YOUR ASSIGNMENT ▸ The answer must be an exact copy of the lines from the one with "Yarcony Girl Birthday" to the last line of the entries below, both included, and must contain no pictures.

Source records:
* * * * * * *
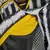 CAMISETA I MANGA LONGA JUVENTUS 23/24 - comprar online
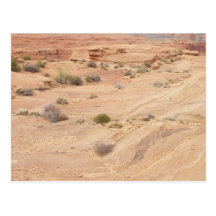 page post cards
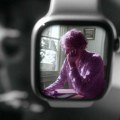 Novi Apple Watch vas uvek sluša: Kome pripada razgovor koji vodite?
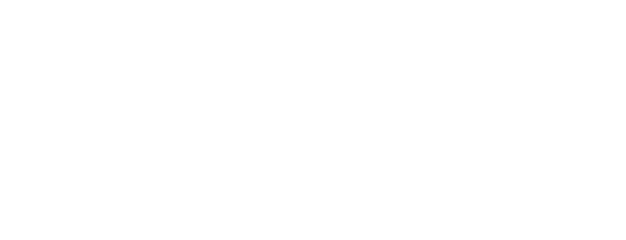 logoipsum-logo-241-white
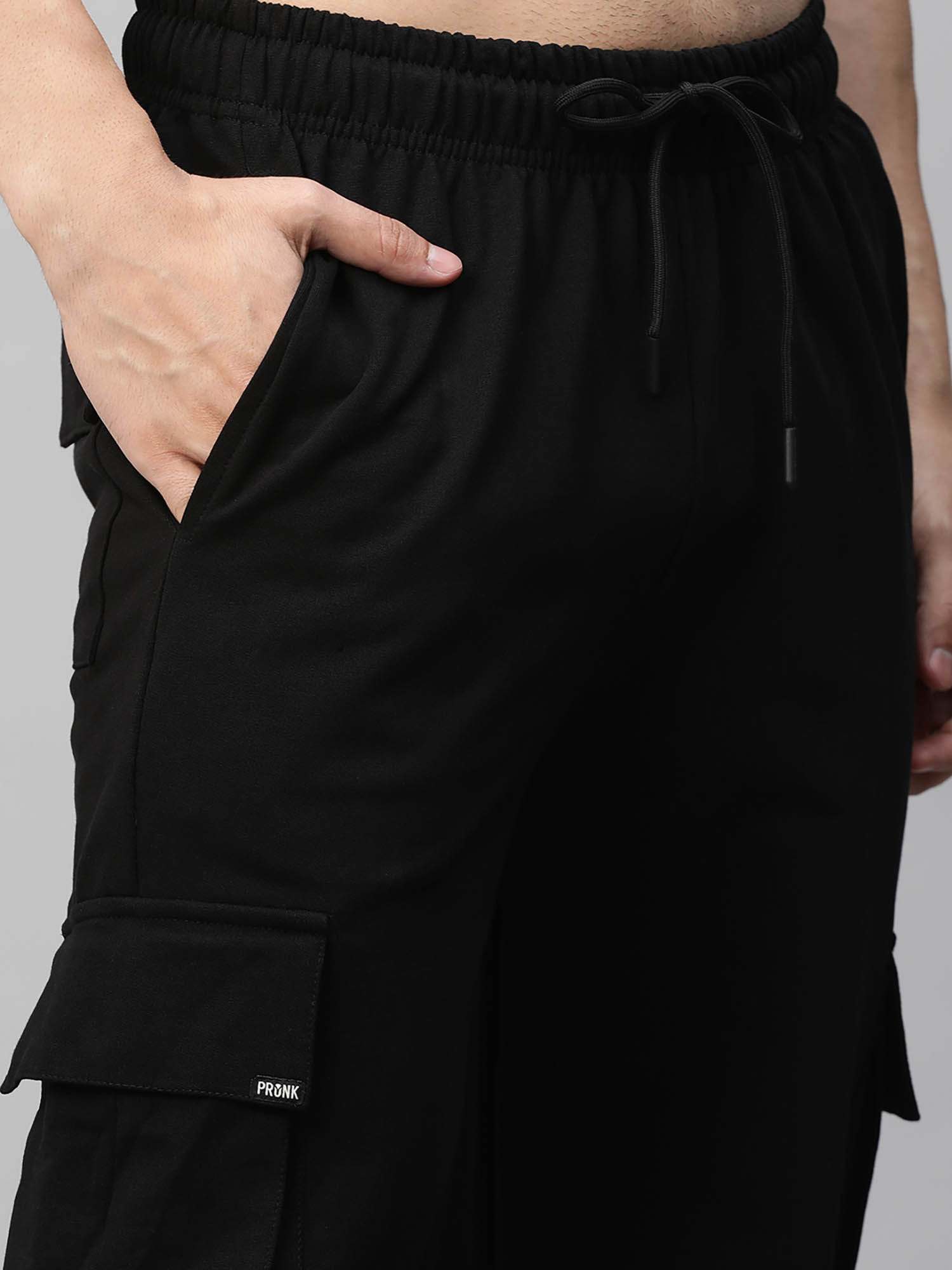 product image1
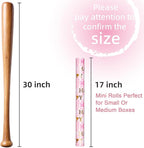 Yarcony Girl Birthday Wrapping Paper Roll, Pink and Gold Wrapping Paper, Gold Foil Girly Happy Birthday Lettering Design Pink Gift Wrap for Girls Women, Baby Shower, Christmas(17 Inch X 33 Feet)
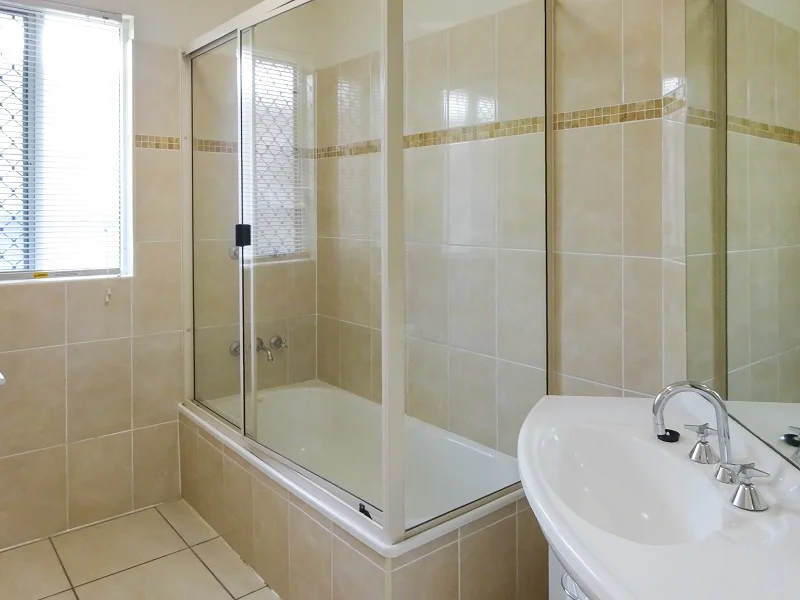 Additional image 6 of 15 Goshawk Street, Douglas QLD 4814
* * * * * * *
RESPONSE FOR THIS EXERCISE ▸
 Yarcony Girl Birthday Wrapping Paper Roll, Pink and Gold Wrapping Paper, Gold Foil Girly Happy Birthday Lettering Design Pink Gift Wrap for Girls Women, Baby Shower, Christmas(17 Inch X 33 Feet)
 Additional image 6 of 15 Goshawk Street, Douglas QLD 4814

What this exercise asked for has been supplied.